# Assignment
Repeat verbatim the lines of the data below, beginning with the line containing "Ornamento De Cerâmica" and continuing to the end.

# Records for this exercise
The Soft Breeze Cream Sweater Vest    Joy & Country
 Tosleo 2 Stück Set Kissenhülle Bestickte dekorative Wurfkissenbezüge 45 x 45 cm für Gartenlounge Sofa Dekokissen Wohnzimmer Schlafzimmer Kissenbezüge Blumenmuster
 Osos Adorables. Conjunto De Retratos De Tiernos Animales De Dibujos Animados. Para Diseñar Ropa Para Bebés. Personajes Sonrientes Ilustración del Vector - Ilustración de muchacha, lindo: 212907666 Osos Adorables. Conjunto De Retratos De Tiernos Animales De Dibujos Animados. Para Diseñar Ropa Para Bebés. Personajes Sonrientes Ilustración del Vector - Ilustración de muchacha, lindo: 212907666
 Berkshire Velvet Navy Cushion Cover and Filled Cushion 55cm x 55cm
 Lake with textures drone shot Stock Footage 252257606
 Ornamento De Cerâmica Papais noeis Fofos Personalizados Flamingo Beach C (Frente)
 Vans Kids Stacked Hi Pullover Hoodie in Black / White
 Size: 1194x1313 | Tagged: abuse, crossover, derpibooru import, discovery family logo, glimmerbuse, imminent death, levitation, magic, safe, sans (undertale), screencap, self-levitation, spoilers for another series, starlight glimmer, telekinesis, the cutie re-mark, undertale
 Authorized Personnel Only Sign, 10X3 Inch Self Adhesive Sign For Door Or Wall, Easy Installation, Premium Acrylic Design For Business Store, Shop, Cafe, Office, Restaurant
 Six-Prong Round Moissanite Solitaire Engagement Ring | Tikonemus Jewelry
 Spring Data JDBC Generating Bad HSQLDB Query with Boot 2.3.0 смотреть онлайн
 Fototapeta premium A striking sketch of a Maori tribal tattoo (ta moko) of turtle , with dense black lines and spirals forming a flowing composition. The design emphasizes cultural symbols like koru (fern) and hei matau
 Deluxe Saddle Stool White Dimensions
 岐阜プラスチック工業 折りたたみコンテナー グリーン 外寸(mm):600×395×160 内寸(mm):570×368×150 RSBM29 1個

# Task output
 Ornamento De Cerâmica Papais noeis Fofos Personalizados Flamingo Beach C (Frente)
 Vans Kids Stacked Hi Pullover Hoodie in Black / White
 Size: 1194x1313 | Tagged: abuse, crossover, derpibooru import, discovery family logo, glimmerbuse, imminent death, levitation, magic, safe, sans (undertale), screencap, self-levitation, spoilers for another series, starlight glimmer, telekinesis, the cutie re-mark, undertale
 Authorized Personnel Only Sign, 10X3 Inch Self Adhesive Sign For Door Or Wall, Easy Installation, Premium Acrylic Design For Business Store, Shop, Cafe, Office, Restaurant
 Six-Prong Round Moissanite Solitaire Engagement Ring | Tikonemus Jewelry
 Spring Data JDBC Generating Bad HSQLDB Query with Boot 2.3.0 смотреть онлайн
 Fototapeta premium A striking sketch of a Maori tribal tattoo (ta moko) of turtle , with dense black lines and spirals forming a flowing composition. The design emphasizes cultural symbols like koru (fern) and hei matau
 Deluxe Saddle Stool White Dimensions
 岐阜プラスチック工業 折りたたみコンテナー グリーン 外寸(mm):600×395×160 内寸(mm):570×368×150 RSBM29 1個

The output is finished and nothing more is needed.